Electronic medical record (EMR) systems and primary care
- Given the broad scope of primary care, primary care practitioners are required to process a large volume of clinical data.
- However, the unaided human mind simply cannot process the amount of clinical data required. Thus, physicians take “short cuts”, using clinical experience and heuristics rather than pursuing organized investigations.
- EMR systems with various clinical decision support tools can help in this regard.
- Studies showed that primary care physicians could pursue only 30% of the required clinical questions when seeing their patients. Many of the information needs of primary care physicians for optimal clinical decision are not met.
- EMR with well organized medical history of a patient can help primary care physicians decide the most important clinical questions to ask.
- EMR can facilitate the referral process. It also reduces adverse drug events and unnecessary tests and treatments across different levels of care.
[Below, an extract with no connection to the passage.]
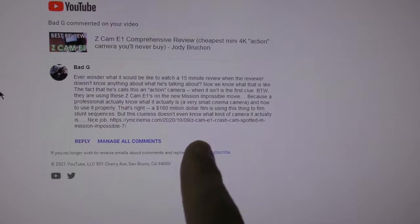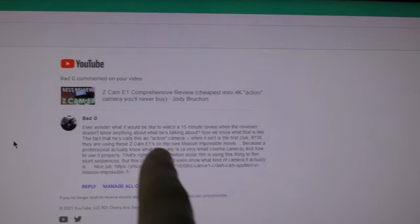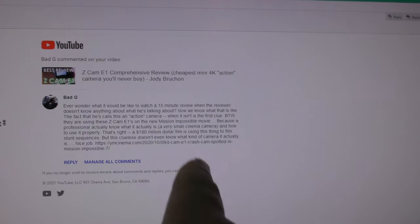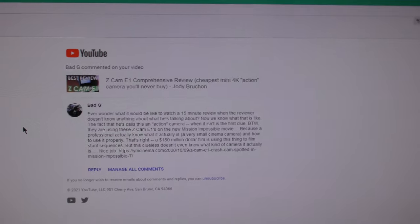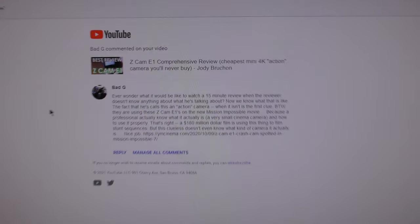I'm starting to get these comments — I got two of them last night. This guy's talking about Mission Impossible 7. They spotted a Z Cam E1 as a crash cam. Just the usual garbage.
Foreign experience of implementing EMR systems in primary care
- Both Australia and England have implemented highly successful national programs to promote the use of EMR systems in primary care. New Zealand and the Netherlands have also achieved substantial success.
- In terms of speed, Australia’s results have been most dramatic. In May 2000, 70% of general practices stated that the majority of physicians in their practices were using computer in their consulting room to generate most of their prescriptions, compared with only 15% of general practitioners reporting computer use for any purpose in October 1997. Australia achieved this remarkable transition by providing practitioners with financial support to help purchase a computer, supporting system implementation for those who needed it, and offering incentives for providers to submit claims electronically.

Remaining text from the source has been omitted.